If, admitting all the facts stated to be true, the liability of the defendant does not follow as a legal conclusion, the complaint is bad. This is true of every complaint, regardless of the subject matter. The performance of all conditions which are precedent to the liability of the defendant, whether founded upon a contract or a statute, must be alleged in some *448form, either general or special. In actions upon contracts, a general allegation of performance of conditions precedent is declared sufficient by our statute. (Practice Act, Sec. 60.) But a general allegation of the performance of conditions prescribed by a statute has not been so declared, and is not, therefore, sufficient. (Dye v. Dye, 11 Cal. 163; People v. Jackson, 24 Cal. 680.)

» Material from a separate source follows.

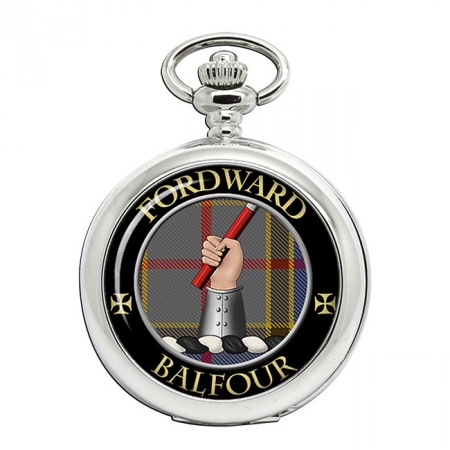 Balfour Scottish Clan Crest Pocket Watch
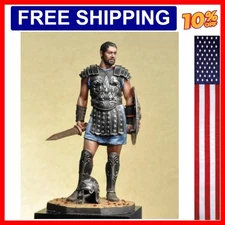 1/24 Scale 75mm Resin Body Assembled Model Kit Ancient Spartan Warrior Histor...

The same rule prevails as to judgments and determinations of Courts, tribunals, Boards, and officers of inferior or special jurisdiction. ■ In favor of such the law intends nothing; hence, if the liability of the defendant depends upon them, the facts conferring jurisdiction must be specially alleged at common law; but under our statute, an allegation that the judgment or determination was duly given or made is declared sufficient. (Practice Act, Sec. 59.)

In the present case the liability of the defendant depends upon the performance of the several steps enumerated in the statute by the officers of the city Government. The complaint must show, by either special or general averments, of the character permitted by our statute, that the various provisions of the statute under which it is sought to charge the defendant were complied with, for, unless they have been complied with, the defendant is not liable. (Blanchard v. Beideman, 18 Cal. 262.) According to the mode of procedure prescribed by the statute, the award of the contract is not the first step to be taken by the Board of Supervisors, yet the complaint is entirely silent as to all previous steps. In relation to them there is no allegation either special or general. If they were not taken, the Board had no power to award the contract, and hence no liability was cast by it or the subsequent steps, however regular they may have been upon the defendant. In short, the liability of the defendant cannot be affirmed in view of the facts stated, and for that reason the complaint is defective.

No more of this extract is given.